A Commentary: Look at the margins, for the margins are the future
[This is a short text I wrote for a book on the future of work, to be published shortly.]
The future of work is a conversation filled with hopes but also with great anxieties, especially for those who are about to enter the labor market right now.
I teach topics around the media, communication technologies, globalization, and human rights, to university students from around the world, studying in Europe and in the United States. One of the first comments, and most positive predictions by the students, is that they, too, can potentially become entrepreneurs, influencers, and advocates in the borderless networked society, and live a creative life with flexible working arrangements.
Then, they quickly continue to the but of the situation: globalization means increased competition, especially from developing countries and emerging economies, signifying less rather than more work opportunities for them.

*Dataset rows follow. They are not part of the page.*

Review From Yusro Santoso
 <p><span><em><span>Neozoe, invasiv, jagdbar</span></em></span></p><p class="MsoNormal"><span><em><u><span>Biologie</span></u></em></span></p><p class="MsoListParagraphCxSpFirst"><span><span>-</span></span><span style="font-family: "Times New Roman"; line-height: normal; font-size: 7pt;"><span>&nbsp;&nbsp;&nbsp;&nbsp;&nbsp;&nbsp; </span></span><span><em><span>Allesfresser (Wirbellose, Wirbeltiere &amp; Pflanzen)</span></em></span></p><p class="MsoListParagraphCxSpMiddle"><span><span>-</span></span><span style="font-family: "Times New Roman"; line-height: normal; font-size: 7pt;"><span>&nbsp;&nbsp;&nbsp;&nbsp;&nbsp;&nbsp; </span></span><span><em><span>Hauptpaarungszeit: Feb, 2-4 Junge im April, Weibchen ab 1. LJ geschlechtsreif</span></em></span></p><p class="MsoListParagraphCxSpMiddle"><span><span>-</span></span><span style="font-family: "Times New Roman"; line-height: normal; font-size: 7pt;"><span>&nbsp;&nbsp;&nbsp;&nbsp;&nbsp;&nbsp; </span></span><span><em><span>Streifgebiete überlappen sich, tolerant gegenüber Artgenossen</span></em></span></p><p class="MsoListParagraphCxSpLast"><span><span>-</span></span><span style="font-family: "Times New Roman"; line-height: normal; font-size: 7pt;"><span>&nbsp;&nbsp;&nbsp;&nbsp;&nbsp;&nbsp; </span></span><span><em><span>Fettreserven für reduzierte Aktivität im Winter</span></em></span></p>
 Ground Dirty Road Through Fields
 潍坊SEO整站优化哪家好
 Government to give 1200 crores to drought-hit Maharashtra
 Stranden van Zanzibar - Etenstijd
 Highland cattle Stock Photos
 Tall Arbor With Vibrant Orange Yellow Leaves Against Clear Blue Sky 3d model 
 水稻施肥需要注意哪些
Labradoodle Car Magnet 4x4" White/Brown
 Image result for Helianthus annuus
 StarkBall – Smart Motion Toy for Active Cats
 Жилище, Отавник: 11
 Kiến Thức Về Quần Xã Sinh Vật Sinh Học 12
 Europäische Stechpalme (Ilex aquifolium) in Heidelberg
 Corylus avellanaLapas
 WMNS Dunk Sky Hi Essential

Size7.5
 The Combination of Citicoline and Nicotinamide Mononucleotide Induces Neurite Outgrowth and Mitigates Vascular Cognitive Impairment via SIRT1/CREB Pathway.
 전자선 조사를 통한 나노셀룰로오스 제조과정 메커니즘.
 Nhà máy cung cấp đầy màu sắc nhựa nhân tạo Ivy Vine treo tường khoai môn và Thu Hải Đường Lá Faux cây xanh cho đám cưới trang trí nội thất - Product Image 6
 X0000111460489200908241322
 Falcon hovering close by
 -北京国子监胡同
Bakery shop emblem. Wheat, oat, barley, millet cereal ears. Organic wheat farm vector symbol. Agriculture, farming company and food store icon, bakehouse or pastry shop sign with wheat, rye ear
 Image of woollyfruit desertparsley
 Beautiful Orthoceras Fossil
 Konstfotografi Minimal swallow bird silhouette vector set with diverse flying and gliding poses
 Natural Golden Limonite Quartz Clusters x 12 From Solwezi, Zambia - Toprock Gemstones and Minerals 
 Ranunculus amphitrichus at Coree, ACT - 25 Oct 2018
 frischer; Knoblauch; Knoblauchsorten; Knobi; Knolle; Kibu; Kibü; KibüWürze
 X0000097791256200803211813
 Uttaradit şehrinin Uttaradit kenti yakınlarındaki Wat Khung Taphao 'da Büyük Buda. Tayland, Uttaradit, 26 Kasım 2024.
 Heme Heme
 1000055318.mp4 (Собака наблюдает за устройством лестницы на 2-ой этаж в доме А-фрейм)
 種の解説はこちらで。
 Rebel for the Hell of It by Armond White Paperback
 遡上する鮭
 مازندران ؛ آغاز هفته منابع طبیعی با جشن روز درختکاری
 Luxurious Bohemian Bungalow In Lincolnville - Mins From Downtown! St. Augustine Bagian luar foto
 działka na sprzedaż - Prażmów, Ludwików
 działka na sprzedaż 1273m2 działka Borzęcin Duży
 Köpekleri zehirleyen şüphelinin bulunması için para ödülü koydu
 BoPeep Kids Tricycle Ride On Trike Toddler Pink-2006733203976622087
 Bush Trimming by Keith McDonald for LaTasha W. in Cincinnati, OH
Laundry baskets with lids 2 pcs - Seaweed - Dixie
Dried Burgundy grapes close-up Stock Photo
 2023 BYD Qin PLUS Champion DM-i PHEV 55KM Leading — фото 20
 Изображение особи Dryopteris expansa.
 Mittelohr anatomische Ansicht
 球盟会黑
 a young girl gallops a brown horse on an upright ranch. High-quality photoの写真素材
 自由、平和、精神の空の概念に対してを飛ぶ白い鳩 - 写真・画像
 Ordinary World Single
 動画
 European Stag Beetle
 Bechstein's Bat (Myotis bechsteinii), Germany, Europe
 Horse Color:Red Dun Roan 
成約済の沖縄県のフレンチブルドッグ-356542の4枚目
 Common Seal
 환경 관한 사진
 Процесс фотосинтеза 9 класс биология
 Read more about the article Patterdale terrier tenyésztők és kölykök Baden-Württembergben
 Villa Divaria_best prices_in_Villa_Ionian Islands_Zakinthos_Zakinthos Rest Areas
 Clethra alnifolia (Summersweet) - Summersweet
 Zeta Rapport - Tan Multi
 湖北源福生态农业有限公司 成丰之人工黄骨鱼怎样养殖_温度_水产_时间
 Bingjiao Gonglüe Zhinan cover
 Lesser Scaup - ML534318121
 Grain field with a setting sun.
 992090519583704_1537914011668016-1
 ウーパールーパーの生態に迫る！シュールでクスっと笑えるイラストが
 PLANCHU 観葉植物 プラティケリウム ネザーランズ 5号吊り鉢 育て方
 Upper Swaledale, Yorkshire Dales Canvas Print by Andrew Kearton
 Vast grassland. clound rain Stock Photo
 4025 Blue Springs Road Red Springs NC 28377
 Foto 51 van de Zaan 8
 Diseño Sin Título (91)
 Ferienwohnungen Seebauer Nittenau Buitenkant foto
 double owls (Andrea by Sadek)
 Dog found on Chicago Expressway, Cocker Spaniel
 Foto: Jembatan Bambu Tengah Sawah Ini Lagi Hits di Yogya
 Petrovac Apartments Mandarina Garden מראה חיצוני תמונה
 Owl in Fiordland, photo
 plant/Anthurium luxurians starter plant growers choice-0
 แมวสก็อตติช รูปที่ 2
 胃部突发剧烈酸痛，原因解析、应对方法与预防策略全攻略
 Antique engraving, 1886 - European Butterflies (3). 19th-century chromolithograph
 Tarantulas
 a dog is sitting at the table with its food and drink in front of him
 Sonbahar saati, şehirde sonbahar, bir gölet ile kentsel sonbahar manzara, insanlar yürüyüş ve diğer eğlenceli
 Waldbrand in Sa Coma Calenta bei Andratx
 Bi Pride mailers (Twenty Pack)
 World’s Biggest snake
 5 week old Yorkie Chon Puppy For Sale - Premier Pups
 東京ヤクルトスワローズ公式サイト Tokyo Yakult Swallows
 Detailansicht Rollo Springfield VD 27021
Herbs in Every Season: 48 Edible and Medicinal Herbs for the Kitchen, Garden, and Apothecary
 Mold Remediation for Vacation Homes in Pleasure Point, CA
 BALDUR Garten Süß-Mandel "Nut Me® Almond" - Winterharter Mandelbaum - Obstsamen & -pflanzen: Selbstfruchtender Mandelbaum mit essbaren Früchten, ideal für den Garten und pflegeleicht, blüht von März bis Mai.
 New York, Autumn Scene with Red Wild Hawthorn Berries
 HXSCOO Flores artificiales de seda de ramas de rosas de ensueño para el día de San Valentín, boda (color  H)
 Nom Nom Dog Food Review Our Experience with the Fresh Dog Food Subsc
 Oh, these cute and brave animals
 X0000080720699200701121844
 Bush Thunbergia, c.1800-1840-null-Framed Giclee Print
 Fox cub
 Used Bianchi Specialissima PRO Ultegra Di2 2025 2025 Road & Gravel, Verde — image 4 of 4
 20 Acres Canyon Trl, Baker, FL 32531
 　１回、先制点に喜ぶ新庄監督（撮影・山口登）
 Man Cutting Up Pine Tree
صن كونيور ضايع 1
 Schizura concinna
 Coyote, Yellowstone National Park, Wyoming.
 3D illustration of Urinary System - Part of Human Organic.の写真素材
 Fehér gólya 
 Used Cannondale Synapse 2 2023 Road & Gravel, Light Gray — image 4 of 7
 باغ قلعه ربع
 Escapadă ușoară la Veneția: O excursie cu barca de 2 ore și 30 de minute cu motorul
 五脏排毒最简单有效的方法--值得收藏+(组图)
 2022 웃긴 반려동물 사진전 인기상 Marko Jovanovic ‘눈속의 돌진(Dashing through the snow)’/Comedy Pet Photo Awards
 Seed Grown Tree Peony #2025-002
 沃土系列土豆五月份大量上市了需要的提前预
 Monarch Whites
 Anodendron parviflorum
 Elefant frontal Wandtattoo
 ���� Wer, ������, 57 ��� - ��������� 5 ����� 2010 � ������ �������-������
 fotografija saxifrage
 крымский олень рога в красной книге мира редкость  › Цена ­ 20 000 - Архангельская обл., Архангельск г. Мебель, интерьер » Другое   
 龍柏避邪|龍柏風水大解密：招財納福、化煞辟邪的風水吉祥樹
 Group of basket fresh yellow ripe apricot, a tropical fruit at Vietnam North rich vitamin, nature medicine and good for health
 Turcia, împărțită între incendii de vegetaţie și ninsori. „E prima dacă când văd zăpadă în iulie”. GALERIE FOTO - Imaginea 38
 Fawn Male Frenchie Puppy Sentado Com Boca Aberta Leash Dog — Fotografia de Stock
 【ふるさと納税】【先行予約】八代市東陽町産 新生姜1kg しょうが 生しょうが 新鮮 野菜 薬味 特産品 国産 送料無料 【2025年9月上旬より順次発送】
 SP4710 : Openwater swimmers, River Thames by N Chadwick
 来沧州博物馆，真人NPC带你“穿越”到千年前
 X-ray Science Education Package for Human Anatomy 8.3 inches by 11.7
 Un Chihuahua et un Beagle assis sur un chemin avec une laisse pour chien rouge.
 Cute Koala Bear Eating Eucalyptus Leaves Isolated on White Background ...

It is understandable that the 20-somethings located in the Global North view the world based on their own challenges. They need support in envisioning the globe, and their role in its workforce, in a new way. The biggest opportunity for them to survive, and thrive, is to embrace global collaboration, not competition. The regions, communities, and people that, for their parents’ generation, were in the margins of their worldview are now crucial in developing prosperity and jobs, for all of us.
Currently, my students have but few mentors in this line of thinking. Innovation progresses quicker than government regulation. Education has not (yet) responded adequately to the new demands and challenges. Few technologists are devoting time in understanding global structural inequalities, and building tools together with different communities, to ensure applicability and effectiveness of new technologies.
And there are many challenges to overcome. While mobile leapfrogging and great innovations especially in banking and health care are making a difference in lesser developed regions in the world, there exists a hidden digital divide, comprised of things like the speed of internet connection, or the rapid development of hard and software in the developed countries that the rest of the world cannot match. The predicted disruption in the nature and markets for work in the next decades will most likely hit the most vulnerable populations the hardest.
But, according to the new report by the Foresight Alliance, one the key solutions to the challenges is that higher-income and lower-income countries learn from one another about best practices in policies, flexible institutions (including education), and formal-informal work. In essence, this knowledge exchange is not between countries but between people. And those entering the job market must get ready to learn.
“Look at the margins, for the margins are the future”. That is what the world-famous cultural scholar John Fiske used to say to us graduate students of the media and technology in the 1990s. This is why Google and others are now investing heavily on Artificial Intelligence, a phenomenon still relatively marginal for our everyday lives.
But this is also why a small crowdmapping project, started by a Kenyan blogger and developed into the open source platform Ushahidi, is now used everywhere in the world to monitor elections, natural disaster relief, and more.
“Center the experiences of those at the margins of the economy”, concludes the Open Society Foundations in its recent report on the Future of Work. Look at the margins, care about those experiences, and collaborate. Without the margins there might be no future.
We have included this topic into our course at this point because of this unique opportunity:
The International Communication Master’s Progamme is hosting a high-level event on the Future of Work
on Thursday 3/31, 5:30pm, Moot Auditorium, SJU Law School.
Keynote: Anthony Salcito, Vice President of Worldwide Education at Microsoft.
You can choose from 2 options:
- Participate in the symposium — just sign in on location with Dr. Basilio Monteiro. You will recognize him (if you don’t know him) because he will be introducing the speaker. That’s all; no other assignment. OR
- Choose one of these recent reports or other commentary on the Future of Work and write a short commentary as a comment below on how, based on your readings but reflecting with what we have discussed, you see as one of the key issues around the FoW.
- The Futures of Work (download the Report Overview here) OR
- Technology and the Future of Work — a summary of the debates.
DUE in 2 WEEKS, Fri 4/1 at midnight or anytime before that!